I know, but I want a mechanic that serves as the focus of the set. Devour is not that. It's not that I think Devour is a bad mechanic (though I do think it has some minor flaws), but I don't think Dinotopia is the right place for it.
Yes, that was also something that came to my mind, however provoke allows me to cheat the system. Fight can only be used by green and maybe red as per traditional colour pie, but being a non-evergreen keyword, provoke allows me to "bleed" fight into colours other than those two. It just feels less weird for players to see a blue provoke creature than a blue fight creature, even though the result is somewhat similar.
If I decide to use Provoke, I'll treat fight in a similar way to how deathtouch was handled in Shadowmoor with Whither. Meaning that it will take a bit of a backseat to let the block mechanic shine.
Frogeater Raptor 4GG
Creature - Lizard (U)
Prey - 1G, Exile this card from your hand: Put a 2/2 green Frog creature token onto the battlefield. You may cast this card if you sacrifice that token in addition to paying its cost. Prey only as a sorcery.
6/6
Basic Instinct N (2: This creature gets +N/+N and loses all abilities until end of turn. Activate this ability only as a sorcery.)
I'm not a huge fan of vanilla-matters mechanics. Dinotopia is a primal world, not a simple one. Additionally, making a vanilla theme matter and interesting is a tough challenge. One could go the token route with populate, but it seems like Dinotopia wants to be more a battlecruiser set than a going-wide set.
I can see myself using something similar, if it turns out Dinotopia wants a mana-smoothing mechanic, but I believe it's too early to tell at the moment. Thanks for the heads-up.
I have to be honest: I utterly detest DFCs. I think they play very good, in theory, but in practise they are a huge mess, even before you start playing.
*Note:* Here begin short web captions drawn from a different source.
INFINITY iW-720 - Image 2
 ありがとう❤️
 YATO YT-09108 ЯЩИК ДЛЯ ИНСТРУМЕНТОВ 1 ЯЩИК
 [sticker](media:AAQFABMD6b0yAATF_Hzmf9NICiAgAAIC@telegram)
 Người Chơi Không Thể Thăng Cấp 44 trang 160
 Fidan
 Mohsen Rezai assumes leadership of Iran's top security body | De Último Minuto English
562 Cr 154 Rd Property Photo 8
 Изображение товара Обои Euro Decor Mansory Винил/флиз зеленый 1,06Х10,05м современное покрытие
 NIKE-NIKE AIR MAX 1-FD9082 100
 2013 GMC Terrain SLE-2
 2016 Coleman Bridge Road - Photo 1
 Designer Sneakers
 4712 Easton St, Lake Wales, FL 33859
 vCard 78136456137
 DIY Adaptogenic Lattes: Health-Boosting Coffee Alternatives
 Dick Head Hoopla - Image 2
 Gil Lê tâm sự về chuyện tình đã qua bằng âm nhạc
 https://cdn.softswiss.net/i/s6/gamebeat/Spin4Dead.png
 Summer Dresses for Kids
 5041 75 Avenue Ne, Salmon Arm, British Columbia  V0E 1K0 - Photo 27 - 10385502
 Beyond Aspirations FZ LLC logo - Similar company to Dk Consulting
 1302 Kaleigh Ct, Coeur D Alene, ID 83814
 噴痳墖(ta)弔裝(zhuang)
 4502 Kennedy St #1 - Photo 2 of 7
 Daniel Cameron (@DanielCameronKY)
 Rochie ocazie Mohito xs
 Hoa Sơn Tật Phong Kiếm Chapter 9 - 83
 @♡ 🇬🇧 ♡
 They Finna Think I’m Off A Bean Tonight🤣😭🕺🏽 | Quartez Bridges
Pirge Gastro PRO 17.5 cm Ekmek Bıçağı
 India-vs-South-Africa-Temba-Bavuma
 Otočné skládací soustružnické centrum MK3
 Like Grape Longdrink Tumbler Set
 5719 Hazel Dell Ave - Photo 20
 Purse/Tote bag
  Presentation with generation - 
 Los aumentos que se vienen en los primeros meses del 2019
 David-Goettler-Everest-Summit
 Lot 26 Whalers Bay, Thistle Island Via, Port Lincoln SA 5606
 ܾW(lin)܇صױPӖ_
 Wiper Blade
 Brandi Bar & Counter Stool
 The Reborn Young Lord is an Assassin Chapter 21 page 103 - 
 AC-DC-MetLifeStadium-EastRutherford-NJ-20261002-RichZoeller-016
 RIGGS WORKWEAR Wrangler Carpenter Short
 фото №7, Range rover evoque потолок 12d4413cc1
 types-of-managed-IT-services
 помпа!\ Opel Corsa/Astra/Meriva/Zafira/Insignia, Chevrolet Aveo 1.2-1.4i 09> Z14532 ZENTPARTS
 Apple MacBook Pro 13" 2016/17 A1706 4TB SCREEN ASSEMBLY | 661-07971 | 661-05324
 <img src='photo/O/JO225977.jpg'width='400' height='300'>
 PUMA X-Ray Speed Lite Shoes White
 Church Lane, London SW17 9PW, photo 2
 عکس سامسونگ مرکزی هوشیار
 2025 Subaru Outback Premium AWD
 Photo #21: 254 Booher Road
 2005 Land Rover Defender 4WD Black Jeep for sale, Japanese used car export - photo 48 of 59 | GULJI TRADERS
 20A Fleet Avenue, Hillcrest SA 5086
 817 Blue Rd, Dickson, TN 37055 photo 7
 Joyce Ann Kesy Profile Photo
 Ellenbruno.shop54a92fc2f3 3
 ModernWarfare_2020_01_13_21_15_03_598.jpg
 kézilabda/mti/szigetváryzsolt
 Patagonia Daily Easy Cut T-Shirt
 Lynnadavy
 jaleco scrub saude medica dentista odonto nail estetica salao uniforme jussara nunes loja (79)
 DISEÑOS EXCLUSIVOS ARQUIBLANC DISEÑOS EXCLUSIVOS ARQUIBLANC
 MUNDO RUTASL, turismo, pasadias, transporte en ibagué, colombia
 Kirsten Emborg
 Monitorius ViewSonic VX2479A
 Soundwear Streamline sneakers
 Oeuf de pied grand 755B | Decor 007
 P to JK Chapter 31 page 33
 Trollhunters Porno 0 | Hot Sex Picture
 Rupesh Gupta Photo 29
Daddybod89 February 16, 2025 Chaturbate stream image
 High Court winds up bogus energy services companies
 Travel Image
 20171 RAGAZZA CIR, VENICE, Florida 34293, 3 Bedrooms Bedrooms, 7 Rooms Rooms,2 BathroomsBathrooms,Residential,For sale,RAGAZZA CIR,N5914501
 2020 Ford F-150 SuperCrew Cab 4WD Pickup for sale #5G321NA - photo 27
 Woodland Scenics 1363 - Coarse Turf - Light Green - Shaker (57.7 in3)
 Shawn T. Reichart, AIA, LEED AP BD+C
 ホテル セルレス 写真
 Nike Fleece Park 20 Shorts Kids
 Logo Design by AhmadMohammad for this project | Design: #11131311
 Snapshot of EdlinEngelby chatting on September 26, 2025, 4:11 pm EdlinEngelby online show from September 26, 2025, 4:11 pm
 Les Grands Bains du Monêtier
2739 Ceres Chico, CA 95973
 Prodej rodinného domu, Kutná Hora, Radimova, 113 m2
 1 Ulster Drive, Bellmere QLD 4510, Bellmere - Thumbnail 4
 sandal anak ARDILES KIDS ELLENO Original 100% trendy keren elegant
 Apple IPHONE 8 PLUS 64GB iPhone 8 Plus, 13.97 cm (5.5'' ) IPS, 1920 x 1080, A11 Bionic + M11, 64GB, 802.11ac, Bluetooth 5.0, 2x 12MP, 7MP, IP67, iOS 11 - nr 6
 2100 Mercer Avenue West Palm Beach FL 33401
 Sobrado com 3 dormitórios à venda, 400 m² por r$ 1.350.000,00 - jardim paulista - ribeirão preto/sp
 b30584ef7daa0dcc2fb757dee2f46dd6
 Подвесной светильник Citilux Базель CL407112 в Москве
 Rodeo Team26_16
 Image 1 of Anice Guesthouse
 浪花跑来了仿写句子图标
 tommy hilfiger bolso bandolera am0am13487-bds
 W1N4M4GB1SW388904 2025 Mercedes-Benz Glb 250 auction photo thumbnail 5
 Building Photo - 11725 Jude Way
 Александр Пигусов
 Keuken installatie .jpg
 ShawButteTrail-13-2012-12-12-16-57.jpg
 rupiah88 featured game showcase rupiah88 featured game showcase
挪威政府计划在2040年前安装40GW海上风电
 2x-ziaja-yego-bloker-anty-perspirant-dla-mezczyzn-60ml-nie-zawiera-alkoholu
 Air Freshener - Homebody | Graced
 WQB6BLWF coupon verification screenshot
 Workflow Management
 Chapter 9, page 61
With DFCs it seems like the game tried to do something that the medium does not quite allow, at least not in an elegant way.
So no, no DFCs for me. But I think the exiling things from a graveyard and using them in some way is a nice enough design for fossils. And eggs were never really the focus. I only had the nest mechanic to help out devour. Without devour eggs will boil down to one-off flavour frostings for certain cards, but there won't be a mechanical representation.
Everyone seems to like devour so much. I really want to test foodchain with some of you guys to see what other people think about it. I only could do it solitaire, so the feedback is very limited and probably biased. But if someone was up for it, give me a call, and I'll try to arrange some time.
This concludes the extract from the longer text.